The Feast of Tabernacles was an eight day festival. This was one of three Feasts that men of Israel were required to attend in Jerusalem (Deut. 16:16). It’s estimated that there were millions of people in Jerusalem during the Feast. This ritual Feast was a reminder of how God provided water from the rock in the wilderness (Numbers 20:8-11; Psalm 78:15-16). It also spoke to the coming days of Messiah’s reign (Zechariah 14:8, 16-19). This Feast was an expression of thanks to God and call for Him to provide rains for the crops in the coming year.
The high priest on every day of the Feast would lead a huge joyous procession of thousands of people to the Pool of Siloam located just below the City of David to the south where he would get water for the ceremony. Flutes and other instruments were played and Isaiah 12:2-3 would be sung while pitchers was being filled – “Behold, God is my salvation, I will trust and not be afraid; ‘For YAH, the LORD, is my strength and song; He also has become my salvation.’ Therefore with joy you will draw water from the wells of salvation.” It was said of the Feast ceremony – “Anyone who has not seen this water ceremony has never seen rejoicing in his life.” This was a time of great continuous celebration to the Lord for the entire Feast.
Why the Pool of Siloam? Siloam means sent One. The Pool of Siloam had living water or a flow of water that was not stagnant but clean. Water taken from this Pool was a prophetic picture of the Messiah who would one day come to provide the refreshing waters of life they needed.
There were two pitchers used in this ceremony. The high priest had a gold pitcher which stands for royalty. He would draw the “living water” (Heb. mayim chayim) from the Pool with the gold pitcher. His assistant had a silver pitcher filled with wine. Silver is a symbol of redemption. Wine is a symbol for blood. So in this ceremony we have living water and blood represented.

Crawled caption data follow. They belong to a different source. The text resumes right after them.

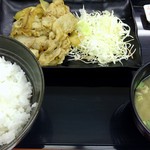 Yoshinoya - 豚生姜焼定食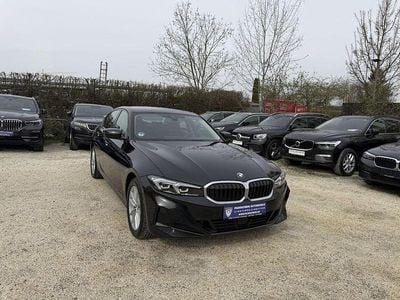 Gebraucht BMW 320 Shadowline 190 PS (139 kW) 2023 Saphirschwarz Limousine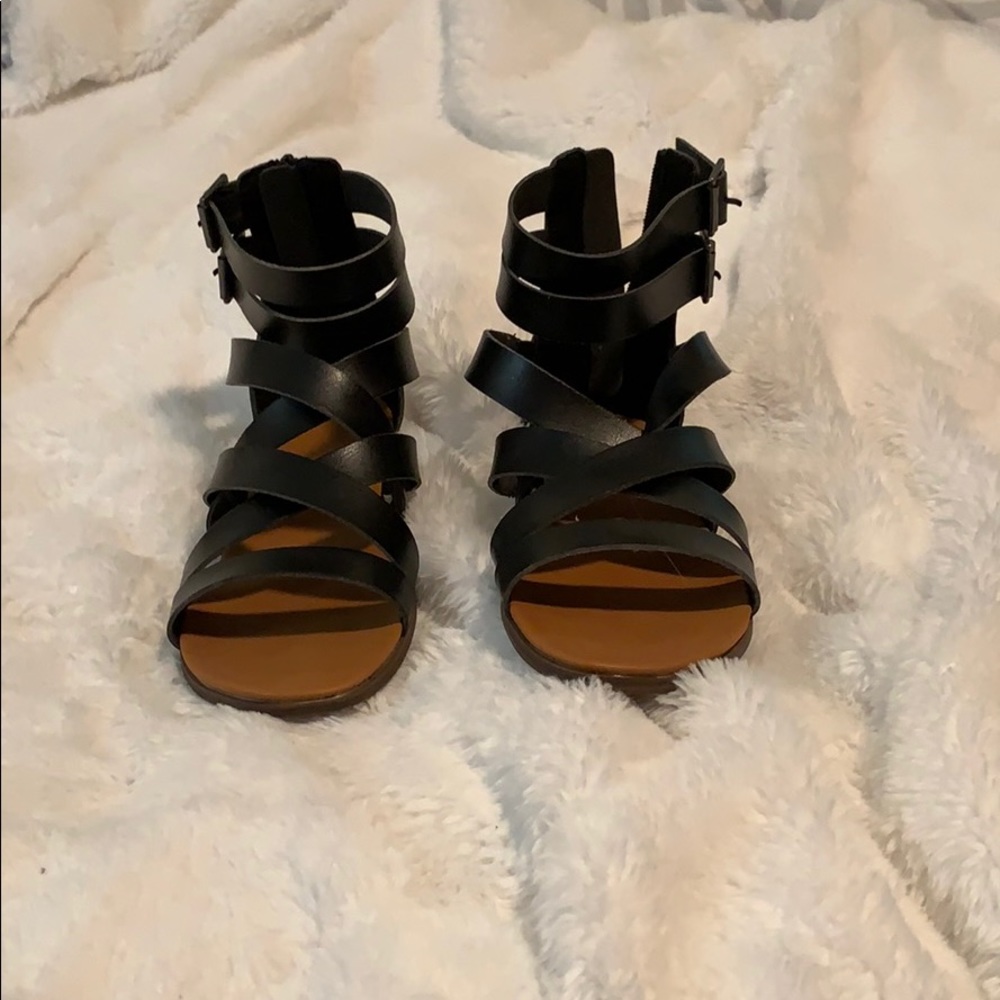 Black sandals
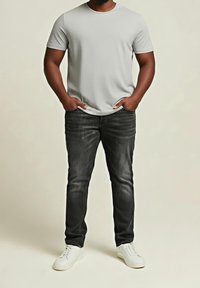 Šedé tričko s krátkým rukávem, tmavě šedé džíny a bílé tenisky. Tričko má kulatý výstřih a džíny mají jemné praní.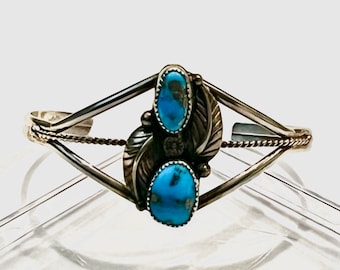 Firmado por Richard Begay, Navajo. Brazalete vintage de plata de ley con turquesa "Morenci".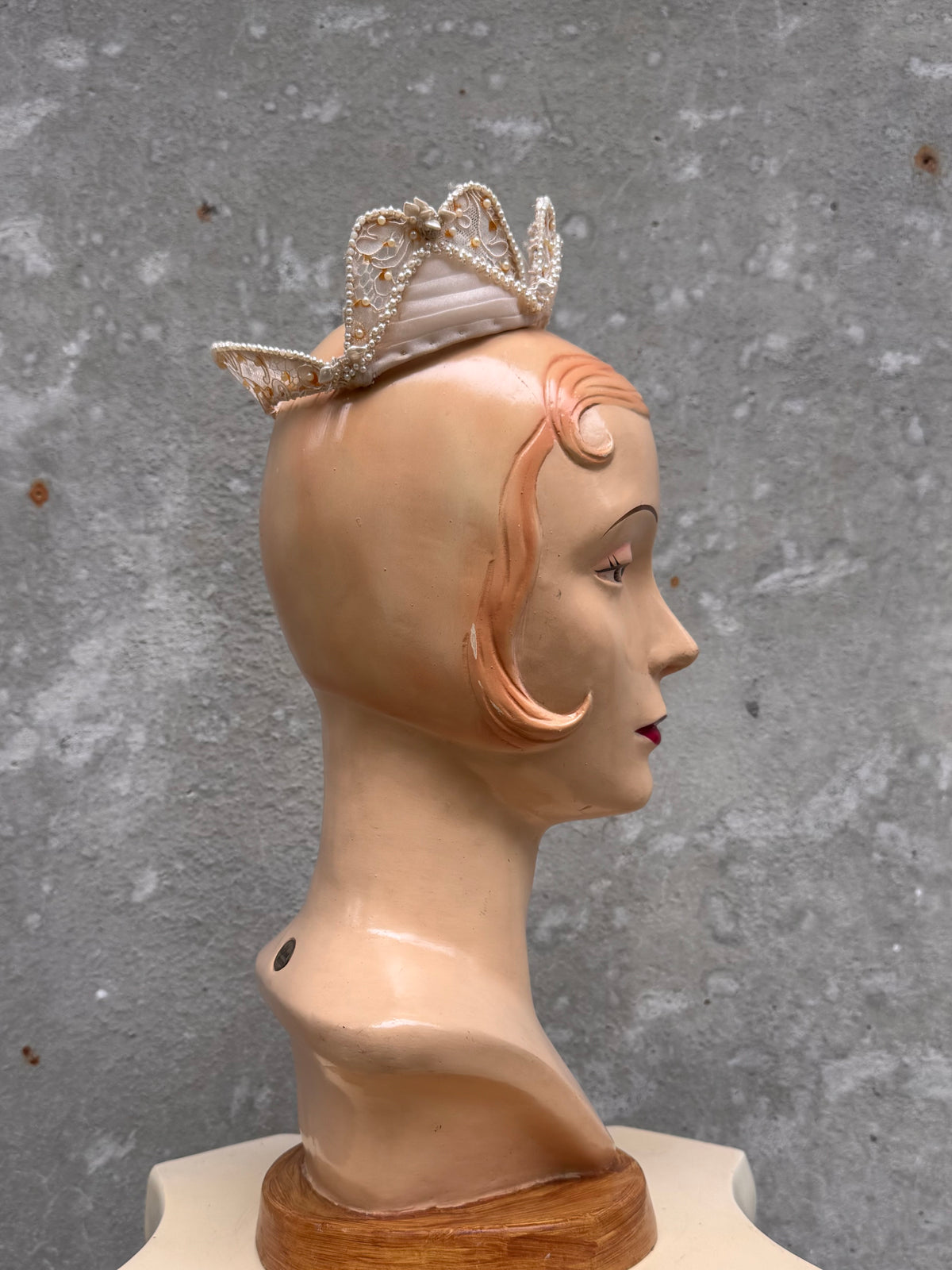 1950s Off-white Veil Crown
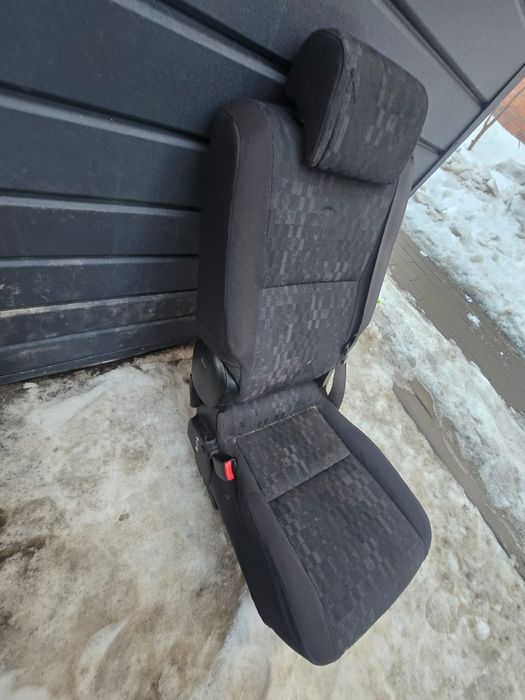 Сиденья Авенсис Версо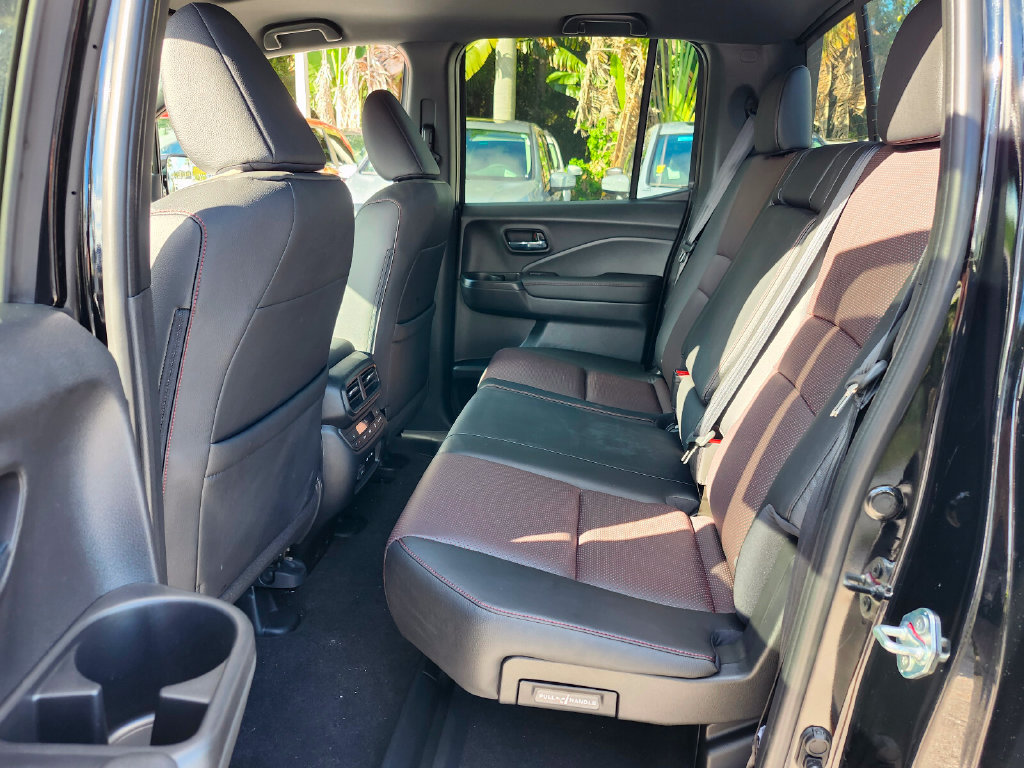 New 2026 Honda Ridgeline Black Edition image 6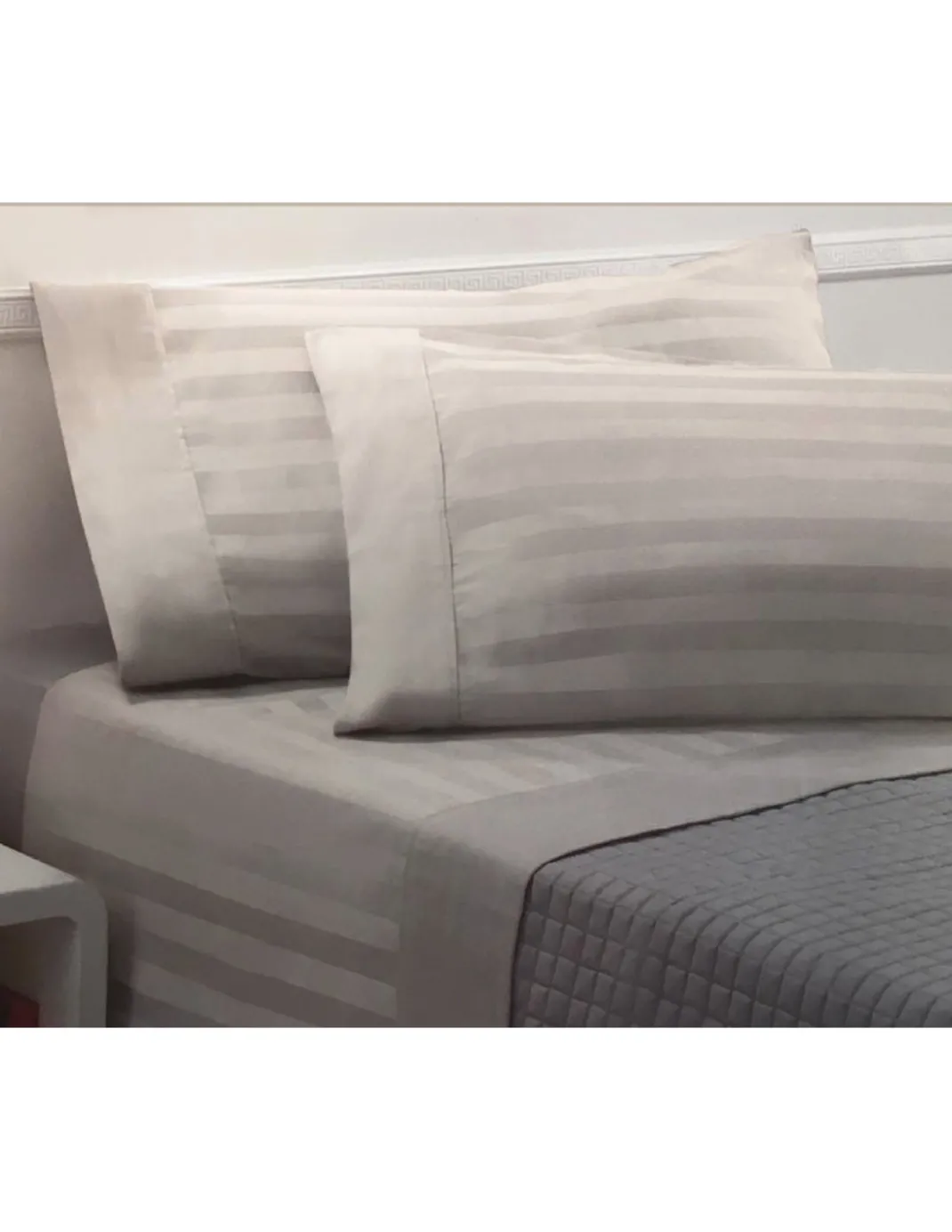 Completo Lenzuola Matrimoniali Cotone Grigio Chiaro Levante, Set Lenzuola Letto Matrimoniale, Raso Puro Cotone Rigato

The high priest would take the filled pitcher of water and lead the procession back to the Temple through the Water Gate to the Court of the Priests. As the priest entered through the gate there would be three trumpet blasts. He would approach the altar where there were two silver basins, one on either side of the altar. Then as a drink offering the priest would pour out the water from the gold pitcher into one silver basin. As he did so Isaiah 44:3 would be sung – “For I will pour water on him who is thirsty, and floods on the dry ground; I will pour My Spirit on your descendants, and My blessing on your offspring.” His assistant would pour out the wine into the other silver basin. So symbols of blood and water were poured out on the altar as part of this ceremony each day of the Feast. You can’t have the refreshing water of the Spirit without the blood of atoning sacrifice.
The Feast would climax on the eighth day referred to as “the Great Day” (Leviticus 23:36). During the eighth day of celebration of the Feast of Tabernacles there would be a solemn procession from the Temple Mount to the Pool of Siloam. This Great Day was the day that Jesus made His proclamation: “On the last day, that great day of the feast, Jesus stood and cried out, saying, “If anyone thirsts, let him come to Me and drink. 38 He who believes in Me, as the Scripture has said, out of his heart will flow rivers of living water.” 39 But this He spoke concerning the Spirit, whom those believing in Him would receive; for the Holy Spirit was not yet given, because Jesus was not yet glorified.” (John 7:37-39).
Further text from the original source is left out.